For a real off-road adventure, a trip to Salmah Plateau offers a great mix of panoramic views, traditional villages and sights such as the Beehive Tombs of Al Jaylah/Shir or the entrance to Majlis Al Jinz, one of the largest cave chambers in the world.Experience Oman
Planning the trip
The Lonely Planet Oman, UAE and the Arab Peninsula guidebook contains a section with general information regarding Selmah Plateau. More detailed information can be found from traveller blogs who have visited.
According to D. Michael, “Reaching the Salmah Plateau and beyond is no walk in the park. Two hair-raising tracks, that didn’t even exist a decade ago, give access to Salmah Plateau from the seaside Route 17 between Muscat and Sur. The tracks feel little more than goat trails carved into the side of the mountain, but over the years improvements have been made to both tracks to better control the rate of erosion to the tracks during rains. Nonetheless, a proper 4WD with selectable low-range is required to grunt your way up the mountain, and safely back down”.
Exploring the area will require a GPS due to the lack of signage. In our trip we used a Garmin eTrex 10 and downloaded an offline map using the Google Maps application. A blog post from Claire included a number of coordinates that we used and offered us good advice on how to plan our trip.
If you are visiting in the winter months, make sure you have plenty of fire wood and warm clothing as it can get very cold at night.
The two tracks leading up to the plateau are accessible via route 17 (Muscat – Sur). The northern track is closer to Muscat, where the southern track is closer to Sur. The two tracks meet at the village of Qurun. In our trip, we used the northern track (entry location below) to ascend and descend from the plateau.
We went there on a Suzuki Vitara 1.6L 4×4 but almost got stuck on the final steep incline of the ascent due to the surface degradation. With the help of some fellow travellers we eventually made it to the top. Therefore we would highly recommend that you use a proper 4×4 and have plenty of off-road driving experience before attempting the ascend.
We arrived at the top an hour before sunset and found a camping spot facing the sea with a tremendous view of wadi Fins. The next morning we charted an exploration route using the offline google map we have downloaded previously and used a handheld GPS due to the fact that there was virtually no mobile signal anywhere.

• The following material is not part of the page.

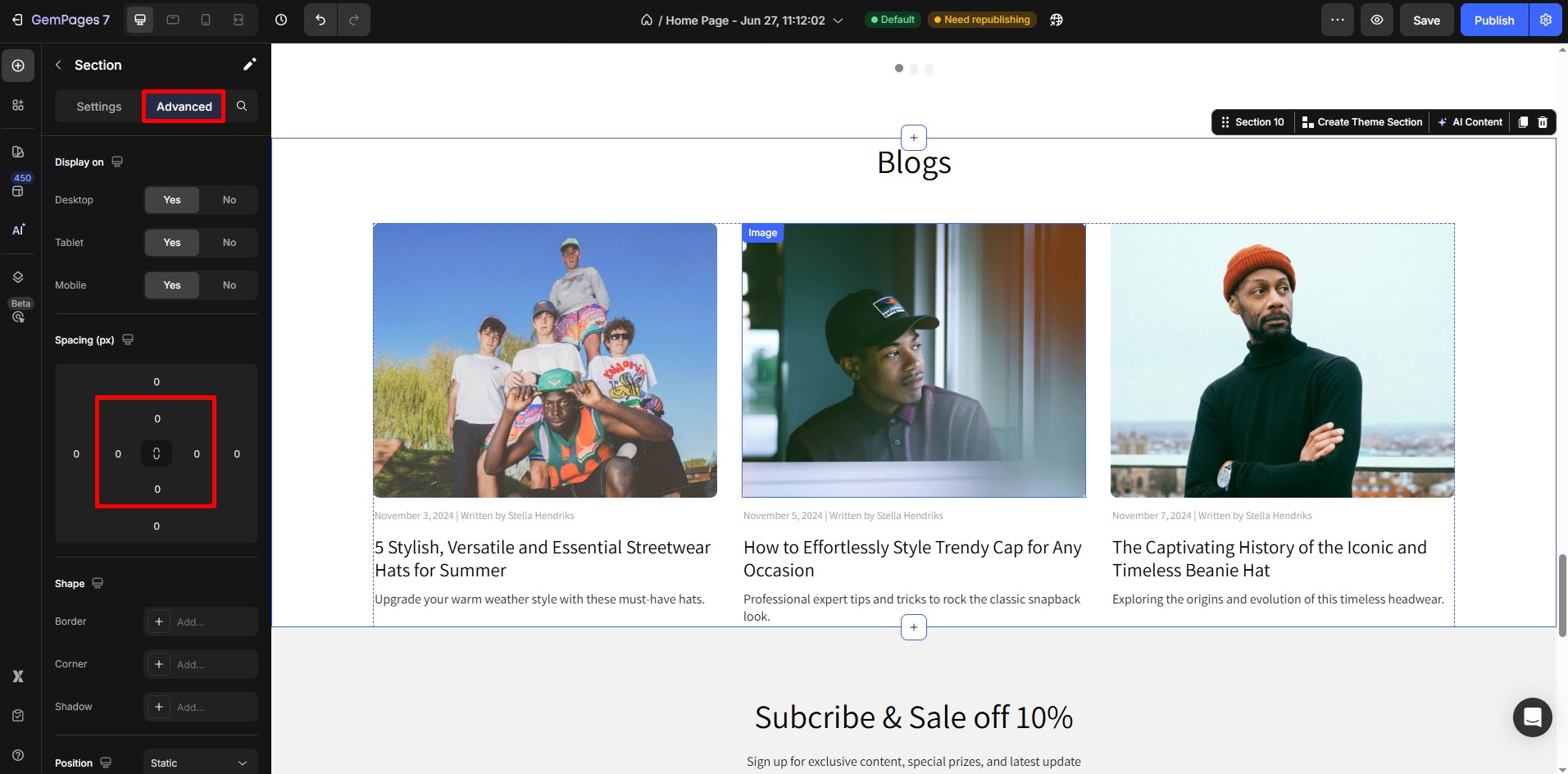 change-gap-advanced-tab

The combination of Garmin eTrex 10 and google offline maps offered us a reliable navigation tool and we managed to avoid getting lost or wandering off on the wrong direction. However, the road network in this area is not very extensive. By studying the offline map you should be able to mark the turn-off for the various attractions around the plateau.
Things to see
The main attractions of Selmah plateau are marked on google maps (incl. Majils Al jin, Jaylah Beehive tombs and others). However, driving around is an attraction in itself. The landscape makes you realise that this is one of the most inhospitable places on earth, yet you are driving towards/from pre-historic tombs which speaks for the resilience of humankind.
Driving around felt like exploring Mars without a space suite. The geology of the area is fascinating to say the least. This mountain range evolved separately from the western Hajir. Erosion is the master here, it painted the landscape and hollowed out the caves. Majlis Al Jin, one of the largest cavern systems in the world is the masterpiece. But due to its remoteness and association with jin, it sadly does not get the attention it truly deserves. Arriving at the cave entrance, a 120 m drop into darkness, we were greeted by children selling dried herbs (zaatar). There was an eroded sign from the ministry of tourism which had useful information about the cavern system.
In addition to geology, Salmah plateau will surprise you with the amount of animal and wild life. You will find yourself stumbling upon goats, donkeys and camels as you drive around the barren landscape. And if you are lucky you will spot a vulture or two.
A visit to the plateau will not be complete without wild camping. There are various camping spots that face the sea, and others off-track from the beehive tombs.